The Nesivos Shalom cites the Sefarim Ha’kedoshim who explain that the darkness linked to briah is actually light – a light that is so powerful, so incredibly brilliant, that it is even brighter than the light connected with yetzirah. There is light that, as a result of its brilliance, will blind a person, rendering him incapable of seeing anything else. Indeed, people who stare at the sun even briefly are momentarily blinded.
Keeping this in mind, let us “gaze” at another instance in which there was a darkness so “dark” that it was devastating, it was palpable, with substance and body to it. This was the character of the darkness that enveloped Egypt during the Makkas Choshech, plague of darkness. The Midrash tells us that the source of this overpowering darkness was from Above, from the Heavens. What darkness is there in Heaven? It is a place that is suffused with Heavenly light!

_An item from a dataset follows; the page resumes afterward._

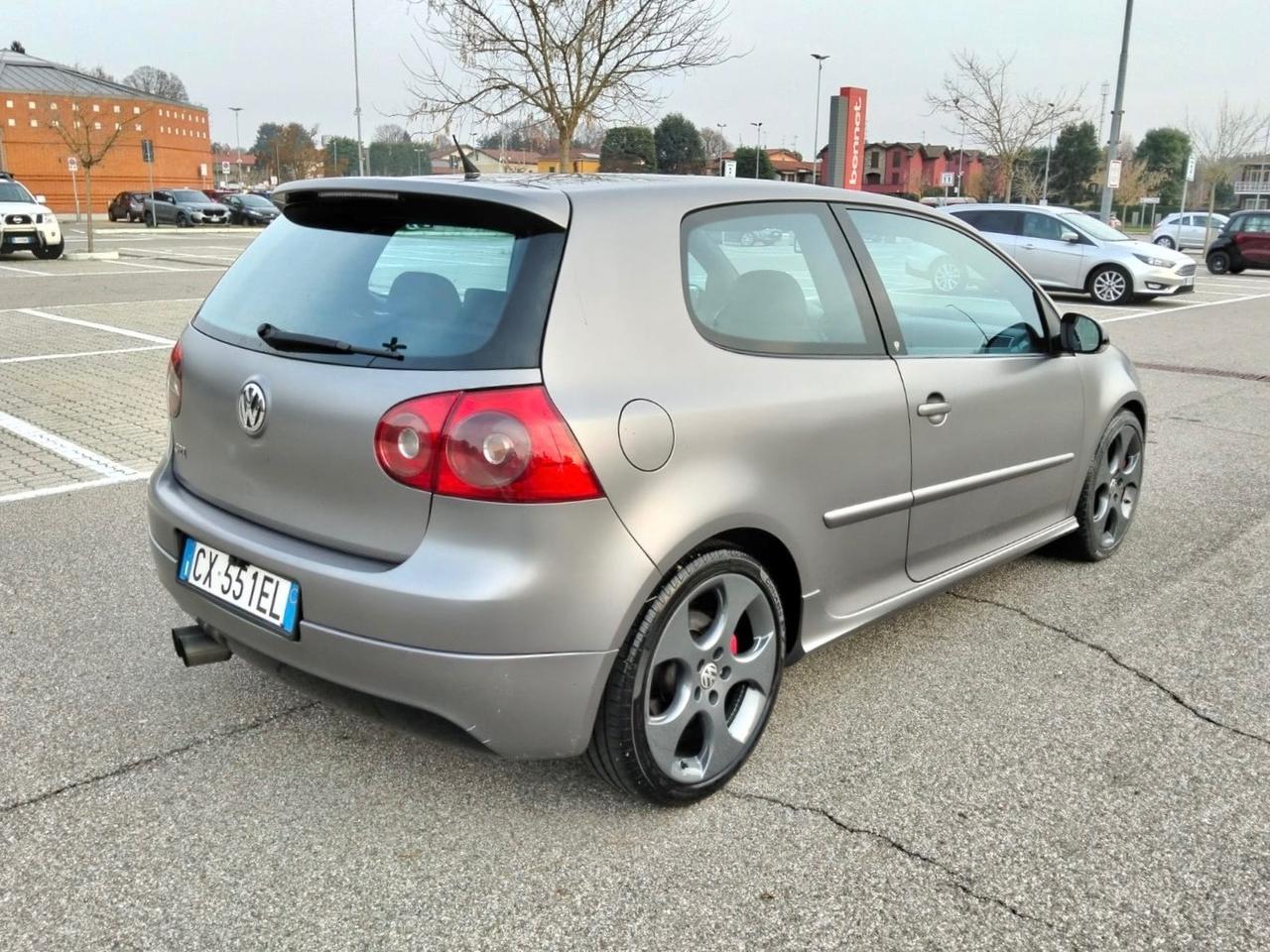 Volkswagen Golf 2.0 16V TFSI 3p. GTI*DSG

The Toldos Yaakov Yosef explains that Moshe Rabbeinu was instructed to stretch forth his hand over/toward the Heavens, and take hold of some lofty, elevated spiritual level/entity and bring it down to Egypt. There – in Egypt – the Heavenly light would be transformed into painful darkness for the Egyptians. The Nesivos Shalom compares this to placing a thoroughly evil fellow in Gan Eden, where he will sit together with the greatest tzaddikim. He will go out of his mind observing them basking in the glow of the Divine Presence. This essentially defined the plague of darkness. Moshe took some of the light from Above, and it plunged Egypt into a state of unprecedented darkness.